_Recorded data:_
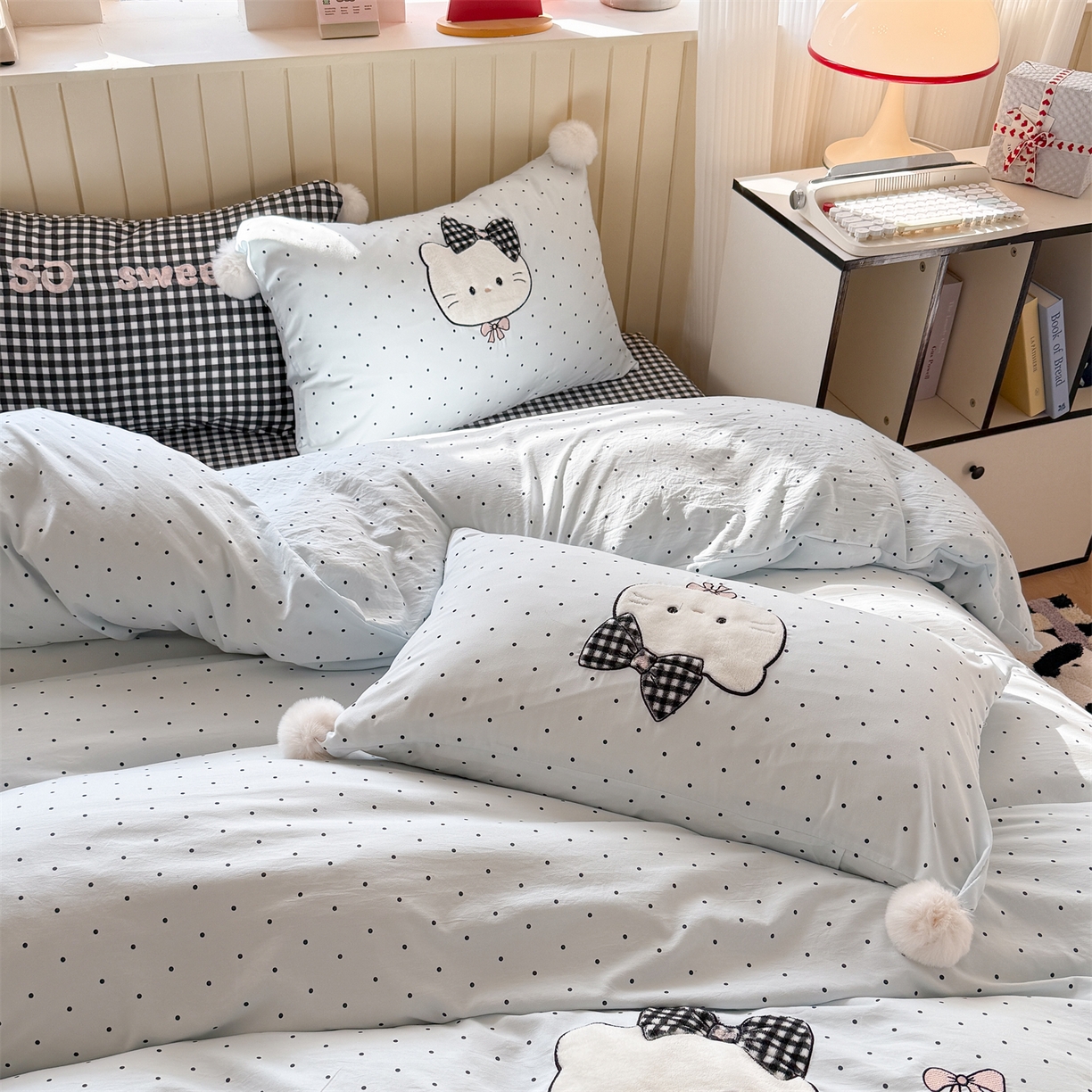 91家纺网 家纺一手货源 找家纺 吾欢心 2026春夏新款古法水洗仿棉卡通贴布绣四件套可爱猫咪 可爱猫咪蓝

--

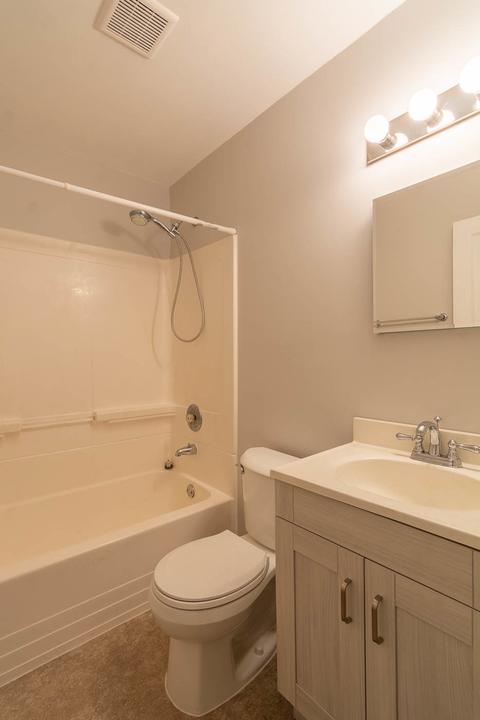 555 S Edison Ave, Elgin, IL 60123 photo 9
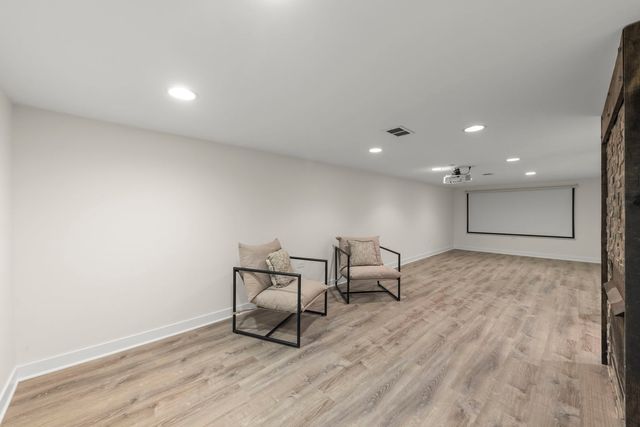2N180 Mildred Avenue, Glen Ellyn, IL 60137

_Problem details:_
Transcribe exactly the lines above, beginning at the one with "555 S Edison Ave, Elgin, IL 60123 photo 9" and going up to and including the one with "2N180 Mildred Avenue, Glen Ellyn, IL 60137". Pictures do not belong in the copy.

_Response to this task:_
 555 S Edison Ave, Elgin, IL 60123 photo 9
2N180 Mildred Avenue, Glen Ellyn, IL 60137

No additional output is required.